Bauwerk

Institute of Contemporary Art
Diller Scofidio + Renfro - Boston (USA) - 2006

Die Verlockungen des Wassers

Bostons neues Kunstmuseum spielt mit dem Blick auf Stadt und Hafen.

9. Dezember 2006
In Sachen Kunst gilt Boston als eine der konservativsten Städte der USA. Das soll sich jetzt rasant ändern: In der 570.000-Einwohner-Metropole in Massachusetts wird mit dem Institute of Contemporary Art (ICA) einer der spektakulärsten Museumsneubauten der letzten Jahre eröffnet.

Neues Wahrzeichen

Das Gebäude wurde auf einem Pier in Südboston errichtet und bietet auf vier Etagen durch viel Glas, Holz und Metall stets anders eingerahmte Blicke auf den Bostoner Hafen.
Auch von außen soll das ICA ein neues Wahrzeichen für die Stadt werden, die international vor allem für die Eliteuniversität Harvard und das High-Tech-Institut MIT bekannt ist: Die Galerien im Obergeschoß des neuen Museums haben einen frei tragenden Ausleger, der mit einer Länge von 25 Metern fast bis ans Wasser reicht.

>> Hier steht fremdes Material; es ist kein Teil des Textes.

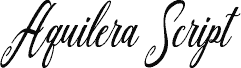 Aquilera Script Regular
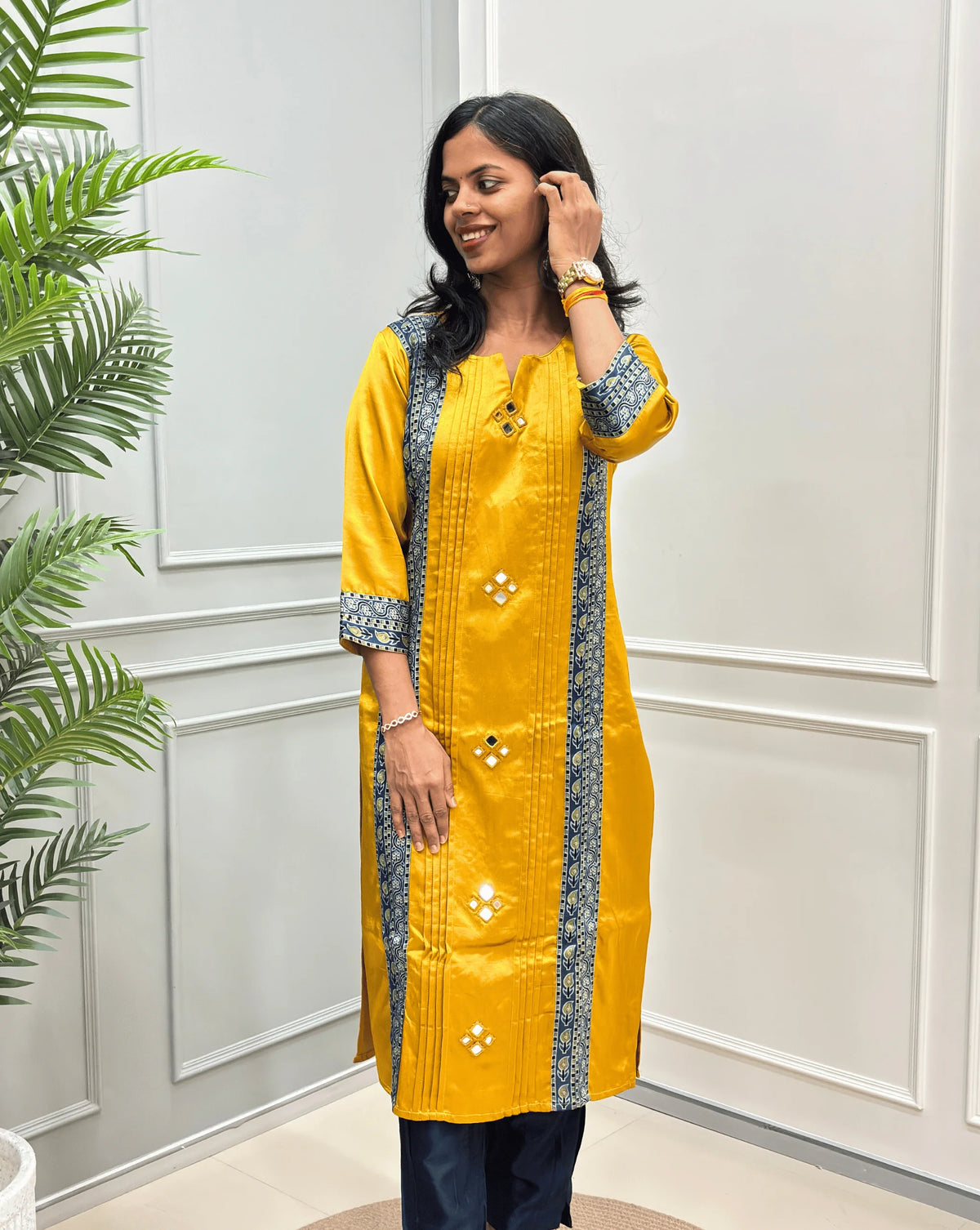 Mishti Mashru Silk Kurti Set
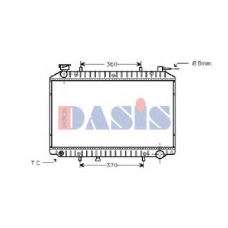 070280N AKS DASIS Радиатор, охлаждение двигателя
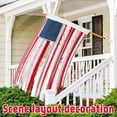 thumbnail image 5 of 4th of July Independence Day 250th Anniversary Star Flag Banner, Patriotic American Flag Star Wall Hanging, Front Door Porch Decoration, 1 Piece (50x27 Inches), 5 of 7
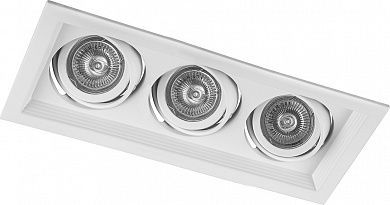 Встраиваемые светодиодные светильники Светильник встраиваемый Feron DLT203 потолочный MR16 G5.3 белый 29772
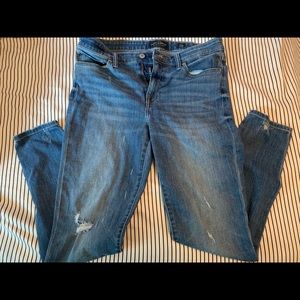 Lucky Brand Ava Skinny Size 10 Jeans Distressed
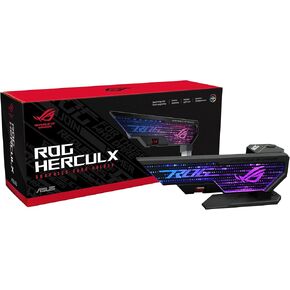 حامل بطاقة رسومات ROG HERCULX-شريحة دعم GPU قابلة للتعديل خالية من الأدوات ، مستوى الروح ، سبيكة الزنك الصلبة ، 72-128 مم ، توافق واسع النطاق ، مزامنة الهالة
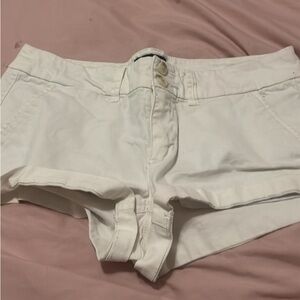 American Eagle white jean shorts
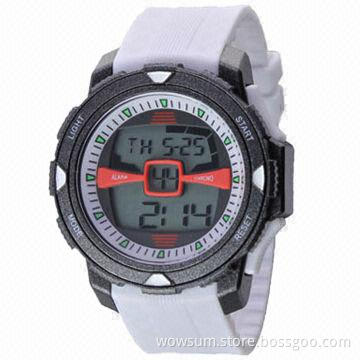 Men's Sports Watches, Eco-friendly Material with 30m Water-resistant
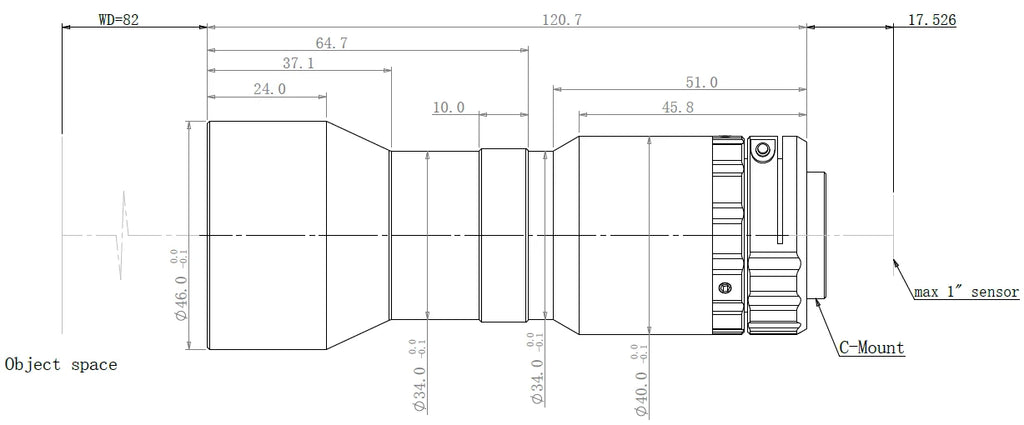 LS-TCL-0556 dimensions (mm)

Architektur und Experiment

Das Haus wurde vom New Yorker Architekturbüro Diller Scofidio + Renfro entworfen, das schon Ende der 70er Jahre gegründet wurde, aber nur wenige Projekte tatsächlich gebaut und sich stattdessen auf experimentelle Arbeiten, Installationen und Performances konzentriert hat.
Zuletzt sorgten die Architekten mit einem temporären Pavillon für die Schweizerische Landesausstellung 2002 für Aufsehen, der auf Stelzen in einem See errichtet wurde und stets von einer künstlich aus dem Seewasser erzeugten Nebelwolke umgeben war.

„Enthüllen und verbergen“

Ungewöhnliche Ideen durchziehen auch den Museumsneubau in Boston. Das ganze Gebäude ist ein Spiel mit natürlichem und künstlichem Licht und dem Blick aufs Wasser.
„Das Wasser: Es ist schon fast zu verlockend, es zum Zentrum des Gebäudes zu machen“, erklärte Architektin Elizabeth Diller im „Boston Globe“. Schließlich habe man sich dazu entschlossen, den Blick darauf nach dem Motto „Enthüllen und verbergen“ zu kontrollieren.

Lichtdurchflutet

Die zwei Galerien im Obergeschoß werden durch natürliches Licht gleichmäßig hell beleuchtet, die Glaskacheln in der Decke sind aber diffus. In der Nacht leuchtet hingegen das Gebäude selbst von innen heraus.
Im Theatersaal mit 325 Plätzen schaut man durch Glaswände auf den Hafen und die Skyline von Boston, doch der Saal kann für Veranstaltungen komplett abgedunkelt werden.

„Wie Pornografie“

Das Gebäude sei „fast wie Pornografie“, so Diller: „Wir wollten den Blick in kleinen Dosen austeilen.“ Der Aufzug ist etwa ein eigener Raum für 50 Menschen, durch dessen Glaswände sich während der Fahrt in die oberen Stockwerke unterschiedliche Perspektiven auf den Hafen ergeben.
Südamerikanisches Holz zieht sich wie ein Band durch das Gebäude und markiert jene Abschnitte, die öffentlich zugänglich, aber keine Ausstellungsfläche sind.
Dieser „Holzteppich“ beginnt schon auf dem Pier vor dem Gebäude, fließt durch das Foyer, wird zum Boden des Veranstaltungssaals, klettert nach oben, wird zur Decke und schließlich draußen zur Unterseite des Auslegers.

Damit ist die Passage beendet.